Evaluation and Management of Real-World Cases of Psoriatic Arthritis - Episode 4

Diagnosing Psoriatic Arthritis

November 30, 2021
Anthony M. Turkiewicz, MD

,
Leonard H. Calabrese, DO

,
Sheetal Desai, MD

,
Ana-Maria Orbai, MD, MHS

Anthony M. Turkiewicz, MD, leads the discussion on diagnosing psoriatic arthritis (PsA), including differentiating PsA from axial spondyloarthritis, and comments on the role of CASPAR criteria in clinical practice.

Anthony M. Turkiewicz, MD: Discussing psoriatic arthritis [PsA] as part of the spondyloarthropathy family, it’s one of the main players in it. There were some discussion points about how we differentiate psoriatic arthritis from, say axSpA [axial spondyloarthritis], whether it be nonradiographic axSpA or radiographic axSpA. I’ll field this one. It’s a question that it does come up from time to time, particularly with those patients where you’ll have a psoriatic spondylitis, which we know can occur, the numbers say about 30%. We’re not sure we see it that often, and we see a lot of patients with psoriatic arthritis. How their inflammatory back pain manifests may come down the line, and sometimes it is their presenting symptom.

For differentiating this, it’s easy when it’s established, so we learn from the phenotypic expressions of psoriatic spondylitis vs true ankylosing spondylitis, or radiographic axSpA, that there are some features. PsA is typically asymmetrical. If you get to the syndesmophyte formations, which again is more chronic, you’re lucky, not lucky for the patient, but lucky enough for the doctor to see it. Typically, you’ll have the thin or sealed lines in a patient with axSpA or radiographic axSpA vs say the water jug, thicker handle and get asymmetric involvement in PsA.

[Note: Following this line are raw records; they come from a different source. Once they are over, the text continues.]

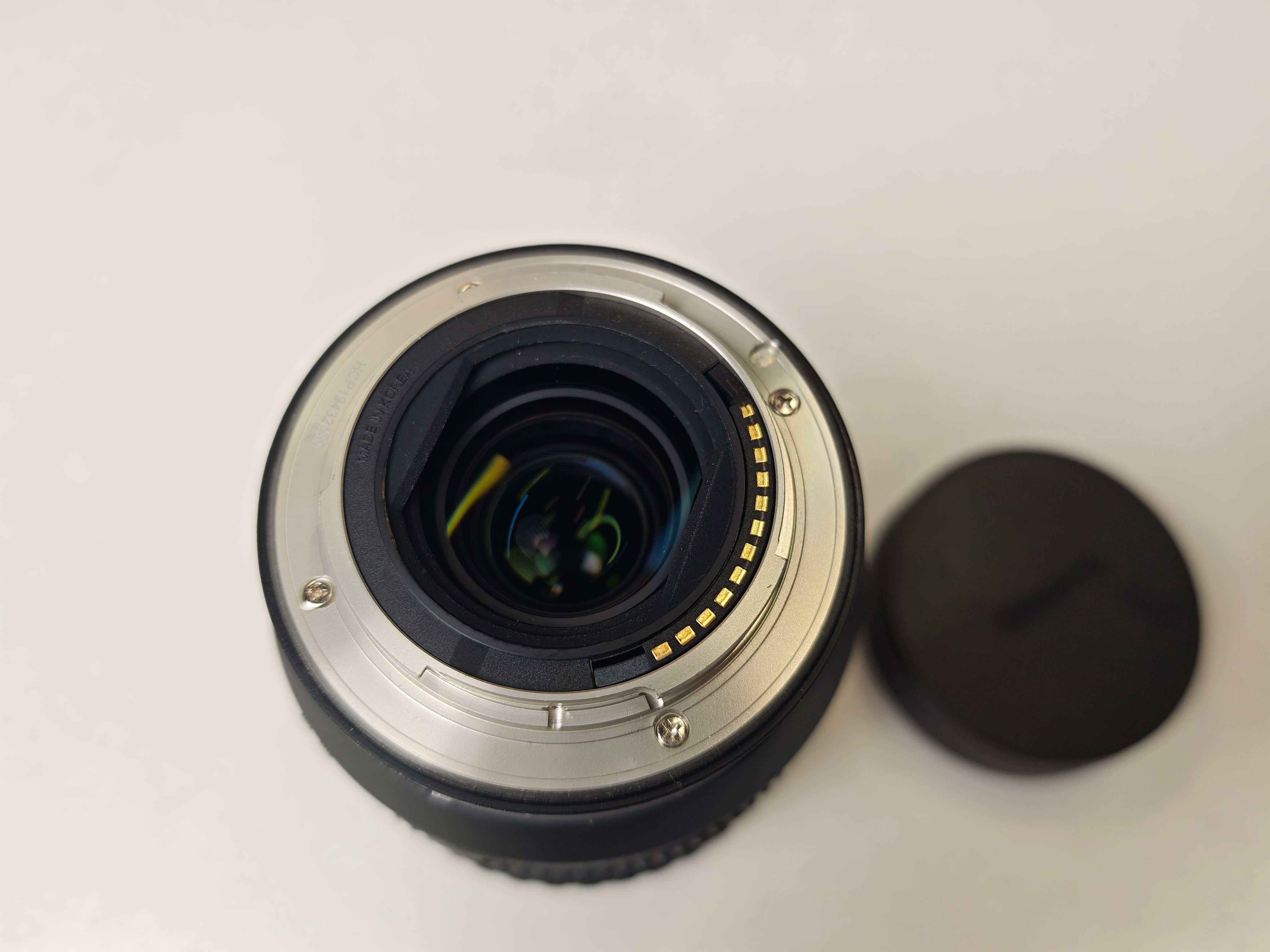 Втора употреба Обектив Samyang V-AF 24mm T1.9 Sony FE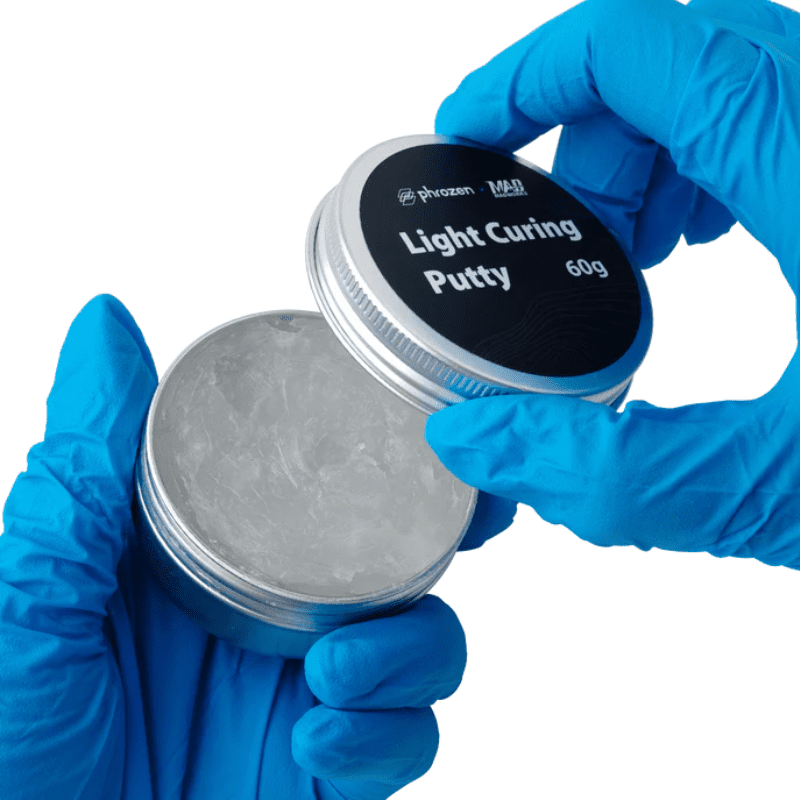 DF-99542 Phrozen Light Curing Putty 1 Phrozen Light Curing Putty - Image 1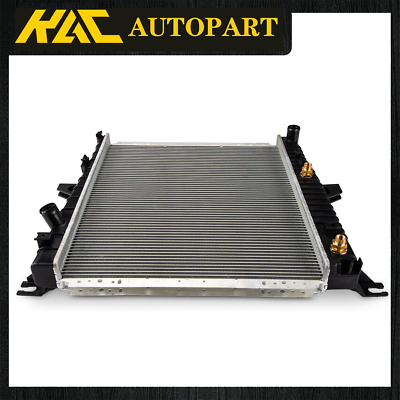 #ad FOR 01 12 FORD RANGER 2.3 AT MT OE STYLE ALUMINUM CORE COOLING RADIATOR DPI 2470 $103.99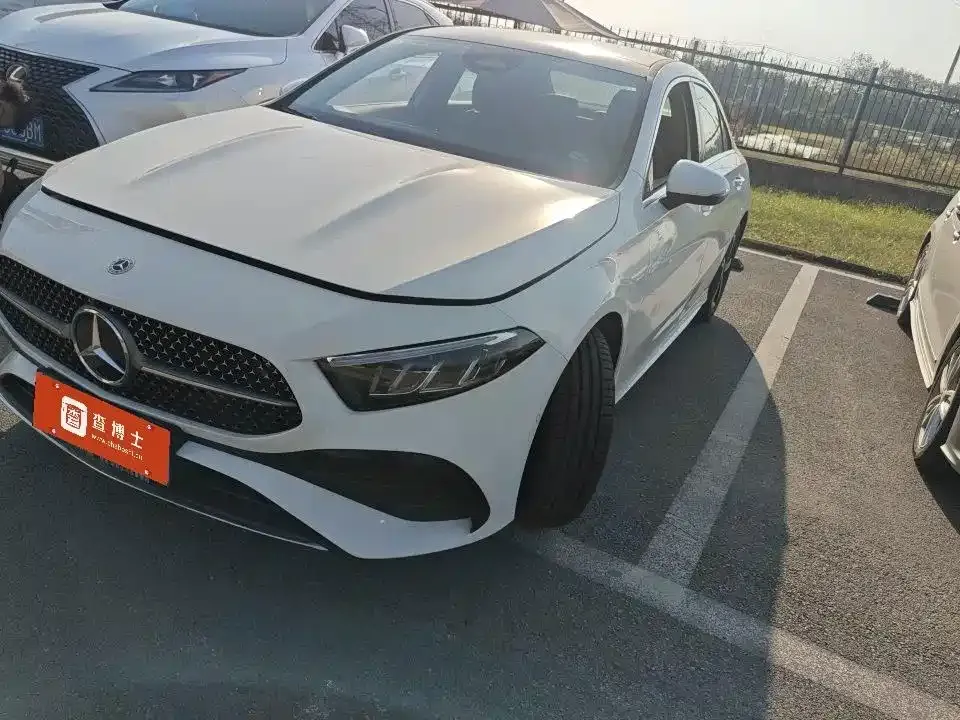 Mercedes-Benz A-Class A 200 L Fashion Edition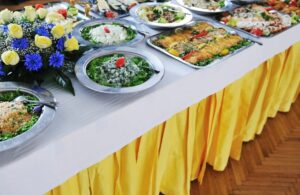 Geburtstag – Catering Detmold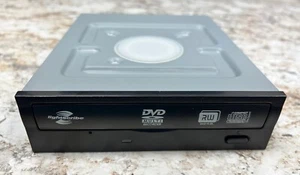 LiteOn 20 X DVD Writer Lightscribe Drive LH-20A1H DVD-RW Black - Picture 1 of 3
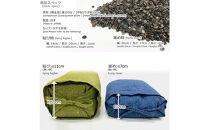 ごろ寝そば殻枕&nbsp;&nbsp;やわらぎ小&nbsp;コバルトブルー　|&nbsp;枕&nbsp;そば殻枕&nbsp;&nbsp;蕎麦殻&nbsp;天然素材&nbsp;日本製&nbsp;快眠&nbsp;安眠&nbsp;高さ調節可&nbsp;通気性&nbsp;吸湿性&nbsp;硬め&nbsp;プレゼント&nbsp;お祝い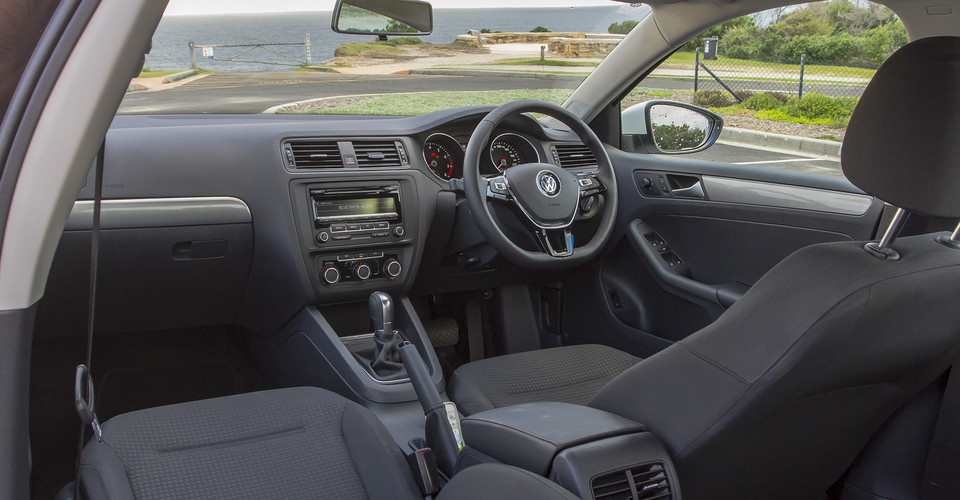 Volkswagen Jetta 1.4 Tsi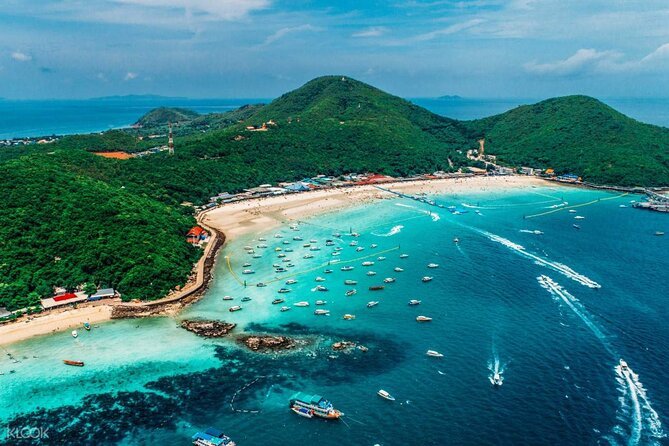 Koh Larn (Coral Island), Pattaya, Thailand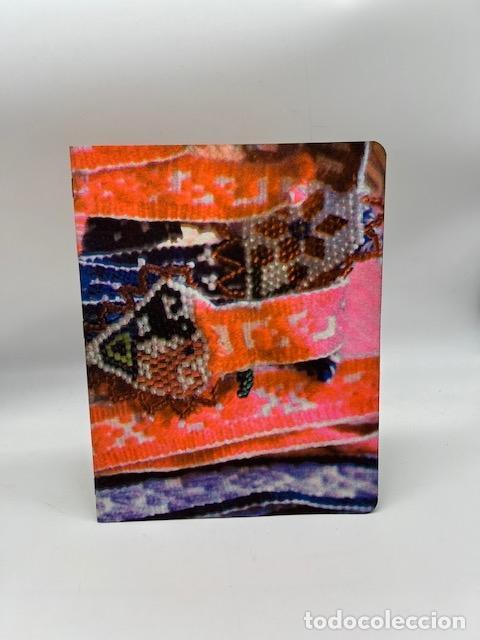Libros: XOSPA, Isela. - Ensayo visual textiles.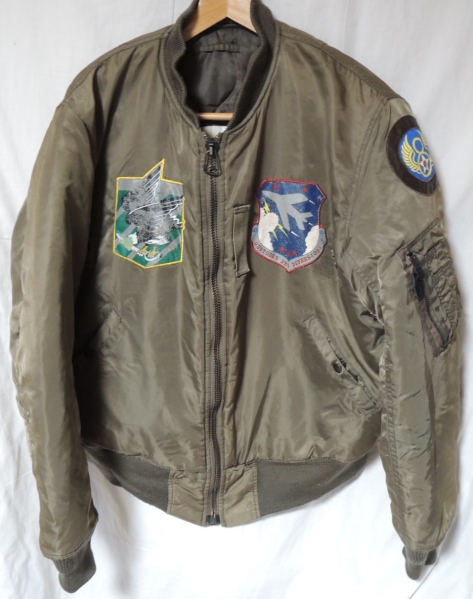 ＡＶＩＲＥＸ ＭＡ－１ フライトジャケット フルカスタム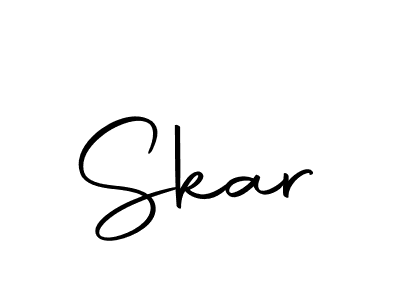 How to Draw Skar signature style? Autography-DOLnW is a latest design signature styles for name Skar. Skar signature style 10 images and pictures png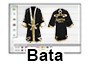 Bata de boxeo personalizada
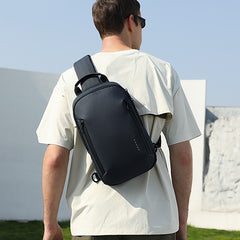 Casual Large Capacity Versatile Crossbody Bag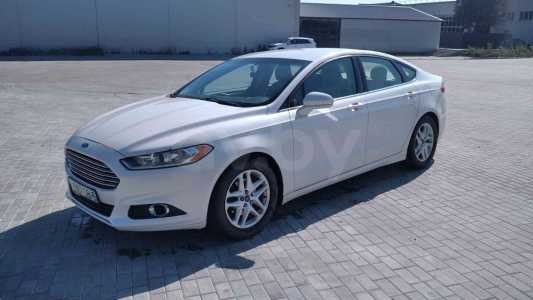 Ford Fusion USA II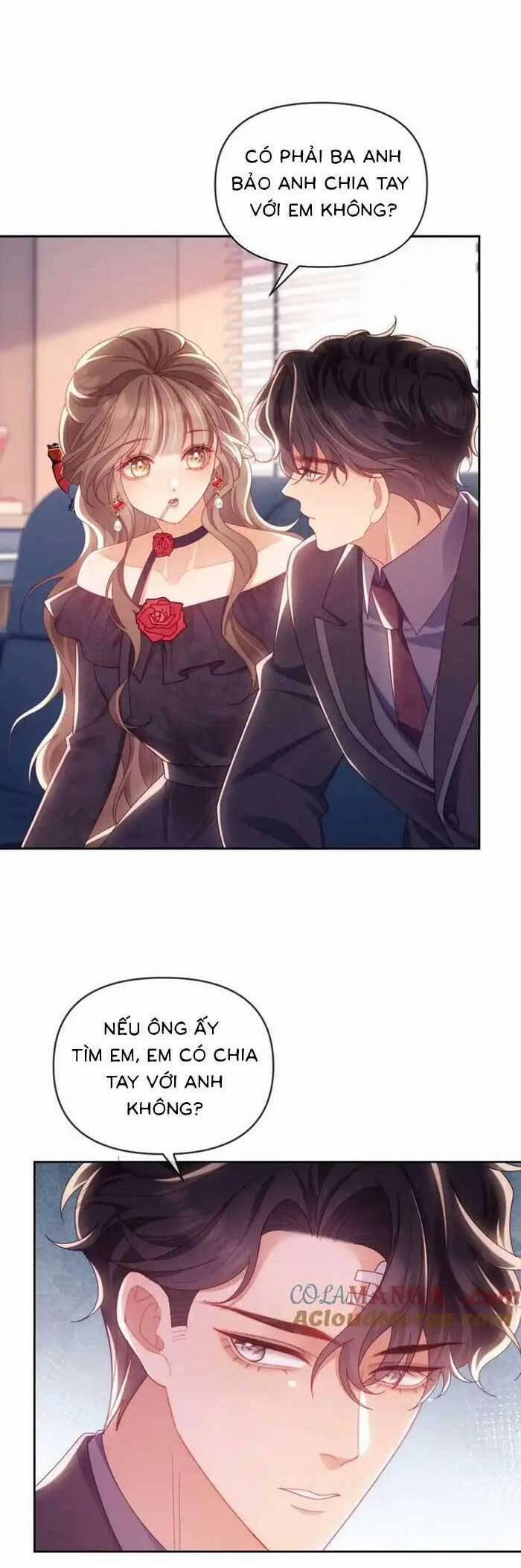 Bạch Nguyệt Quang Ra Tay Với Tôi Rồi 84 trang 7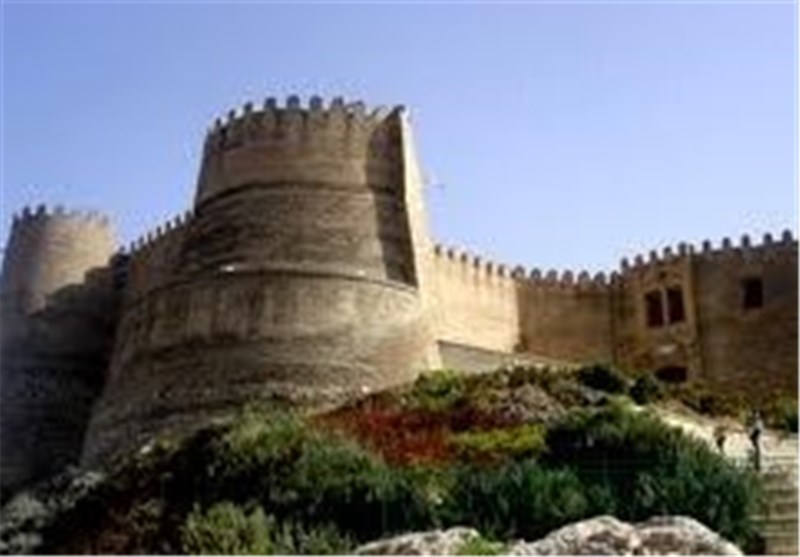 بازدید 30 هزار نفر از قلعه تاریخی فلک الافلاک خرم آباد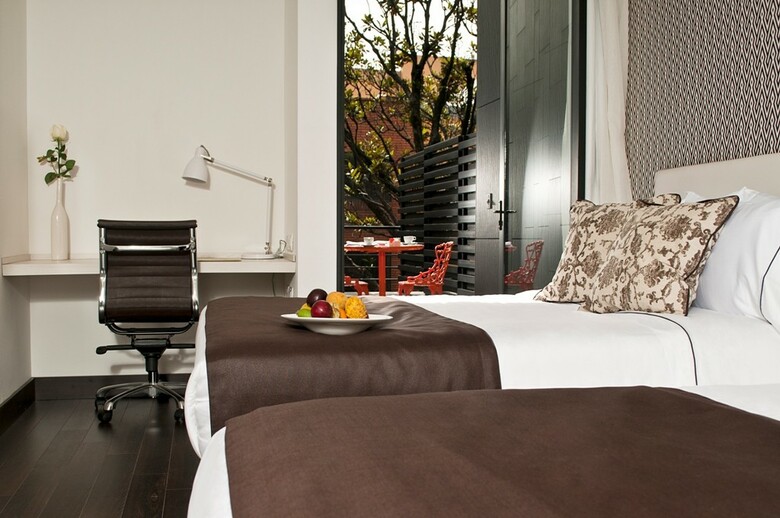 Hotel Exe Bacat� 95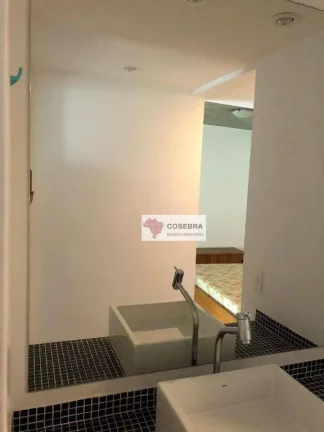 Imagem Apartamento com 1 dormitório à venda, 57 m² por R$ 1.080.000,00 - Itaim Bibi - São Paulo/SP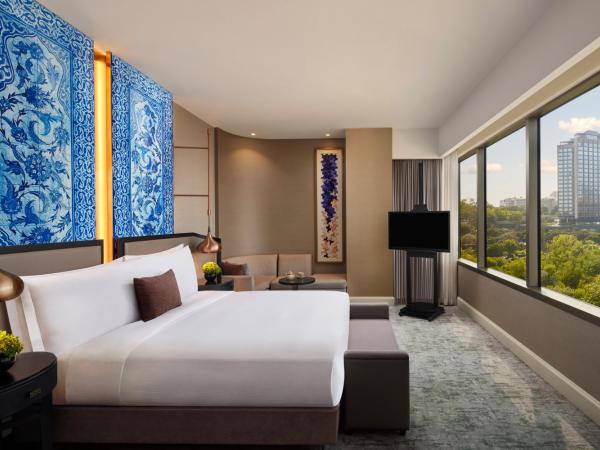 The Ritz-Carlton, Istanbul at the Bosphorus : photo 4 de la chambre chambre king avec vue sur le parc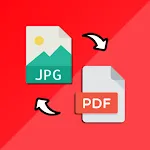 Pdf Creator, Editor & Converte | Indus Appstore | App Icon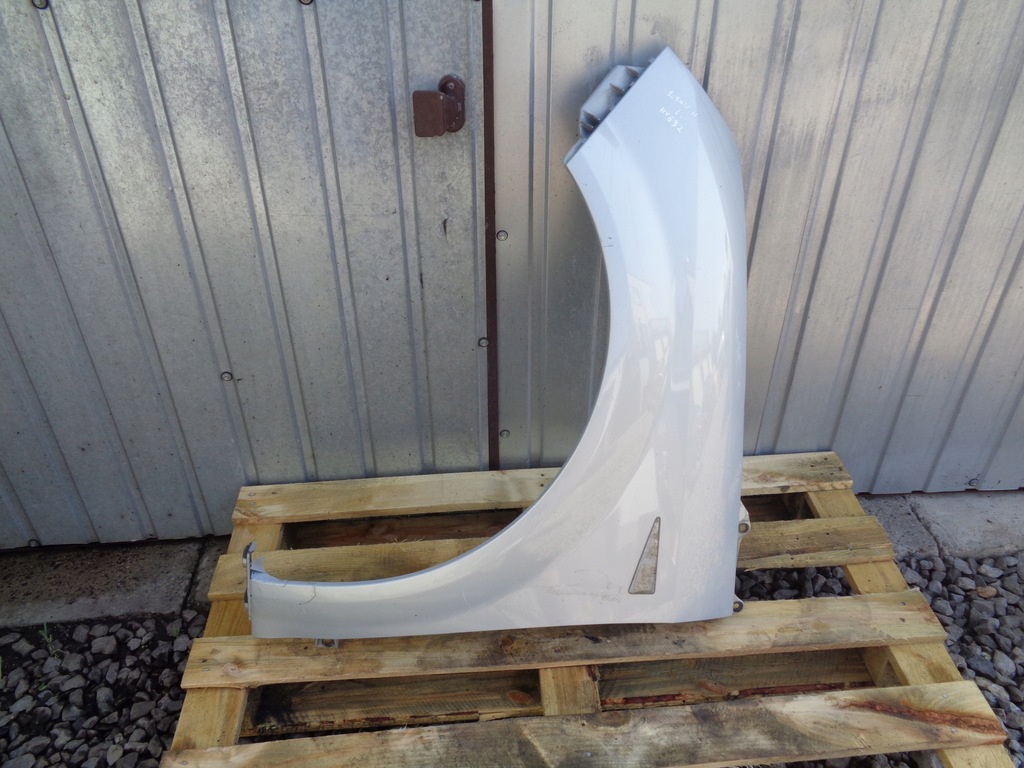 фото №1, Крила лівий перед renault scenic ii lak: nv632 2003-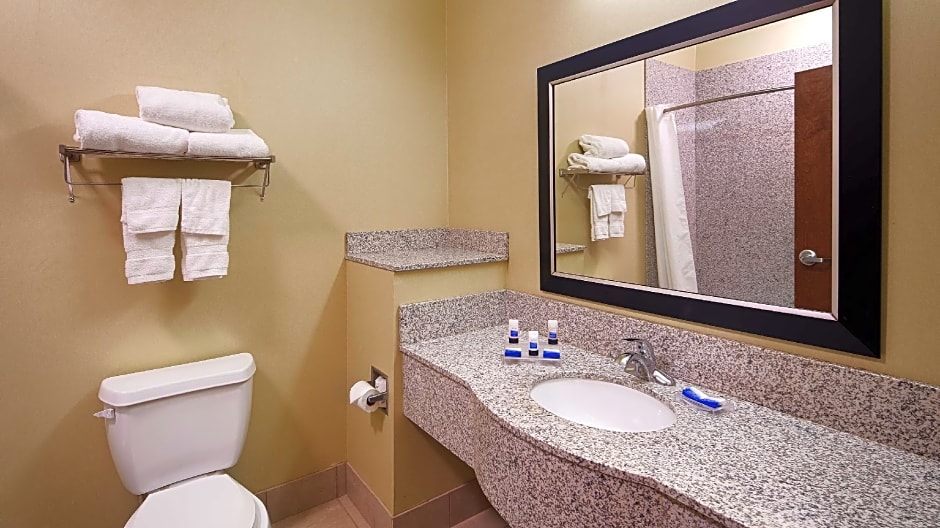 Best Western Plus Desoto Inn & Suites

Clinically, psoriatic arthritis, the reason we put it in the peripheral SpA category, it typically is more focal. You can get enthesitis in both psoriatic arthritis and axial SpA. Dactylitis is slim to none in a patient with PsA. There are some physical manifestations that can be different between the two. For the most part axial spondyloarthritis, whether it’s nonradiographic or radiographic, the patients’ complaints are primarily typically of some type of inflammatory back pain. They can get peripheral involvement, but again the focus is on their axial complaints.

There’s a question about CASPAR [classification criteria for psoriatic arthritis] criteria, what role that plays, and in the clinical setting, not much. We all do clinical trials. CASPAR criteria were, I wouldn’t say a welcome change from the Moll and Wright criteria, but they did make enrollment into psoriatic clinical trials easier. Particularly with the boom of biologics and small molecules, the CASPAR criteria probably made it a little more homogenous, a little easier to identify these patients for clinical trials. In my personal experience in the clinic, I’m not typically going by CASPAR criteria. We know they are a classification criteria by definition. They can form a framework from which we can start getting some clues to think this is going down a PsA pathway.

Any thoughts on that from you all in general? Whether there’s a certain diagnostic...do you use CASPAR criteria? Len, in your clinic, what are your thoughts?

Leonard H. Calabrese, DO: I generally do not use them, but my diagnostic reasoning follows it. Rheumatologists are good at recognizing plaque psoriasis, psoriasis vulgaris. I don’t feel as confident with inverse psoriasis, guttate psoriasis, etc. When it’s on the line or it’s atypical, I get my dermatologist buddies to throw down on that. Once you have that, then being seronegative and documenting the presence of objective joint disease is easy. We’ll probably come back to this, that rheumatologist/dermatologist cooperation. But in the presence of clear psoriasis, we recognize arthritis, enthesitis, dactylitis, spondylitis, etc. That forms the basis of what I’m thinking.

Sheetal Desai, MD: I agree, and I feel like these criteria definitely help our PCPs [primary care providers], our dermatologists. They help the fellows. I feel like the fellows refer to a lot of these criteria when they’re still in training and trying to feel comfortable. I agree with Len, we’re so comfortable with these conditions that we do follow them for the most part without actually having to say patients meet a certain amount of CASPAR criteria.